Three years earlier before Petraeus’ celebration, in January 2007, India’s defence minister, A.K. Antony released the Army’s ‘sub-conventional warfare doctrine’ with little fanfare. This encapsulated the RR’s two decade journey in finally thwarting Pakistan’s attack-by-infiltration strategy. While Petraeus wrote the manual, the Indian Army, in its RR avatar, bearing the ups and downs had perfected the balance between combat and community operations.
Yet in 2010, the government was seriously deliberating on the very need for the RR, the 80,000 strong force which is probably the largest COIN force in the world. Pressed by the Jammu and Kashmir chief minister, Omar Abdullah, the Union home ministry argued that to dispense with the Armed Forces (Special Powers) Act (AF[SP]A), the RR, which wholly operates in the troubled state should be replaced by the paramilitary and state police forces.
As the RR was ordered to be raised as a temporary force in 1987 under Union Composite Table Part II, it can be dissolved with a government order.

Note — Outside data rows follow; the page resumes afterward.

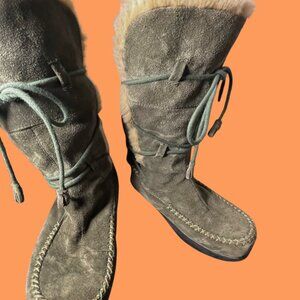 Earth Olive Green Suede Shearling Cross-Lace Boots Women’s Size 9 – Like New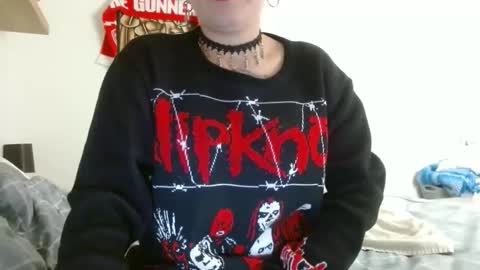 Snapshot of andy_rock_ chatting on 10.10.25 andy online show from 10.10.25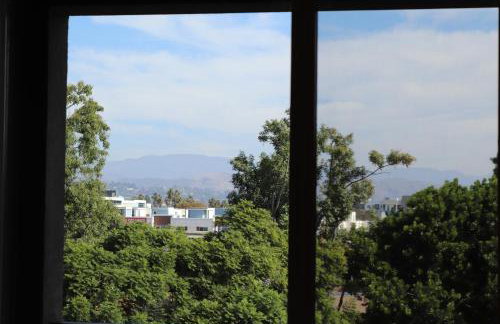 Bright & Cozy Getaway with Pool Free Parking 10 mins Disneyland - Foto 68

The Army Headquarters made frenetic presentations on why the extreme step was premature. It said that as long as unaccounted money comes into the Valley, terrorism would not abate. The RR had painstakingly minimised infiltration across the LC, established intelligence grids in the border belt, provided succour in rural areas, and working closely with other agencies had put the terrorists, Over-Ground Workers (OGWs) and fence-sitters under pressure. With RR gone, and the CRPF dependant on the state police already groaning with numbers constraint, the Valley could once again erupt into uncontrolled violence.

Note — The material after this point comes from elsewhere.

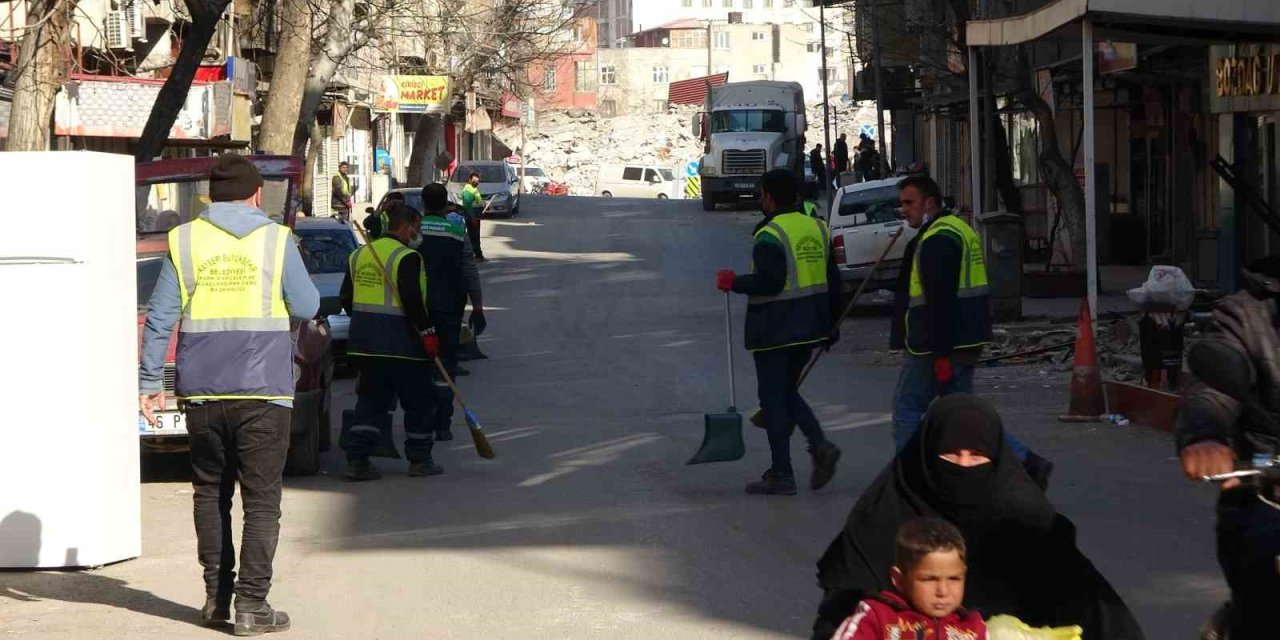 Kahramanmaraş’ta Enkazlardan Sonra Sokaklar Da Temizleniyor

What the army did not say aloud was RR’s critical role in war with Pakistan. Being a temporary force, if the RR, which is army by another name, was disbanded, its 80,000 numbers would no longer be available to the regular army for the LC war. With depleted strength, the army will have difficulty in both defence-in-depth and rear security. On the one hand, the army’s number advantage compared with Pakistan in J&K would dissipate. On the other hand, the Pakistan Army would hamper Indian Army’s operations with its proven irregular (terrorists) forces. Thus, on Antony’s intervention, the RR mandate for another three years, till 2013, was cleared by the government.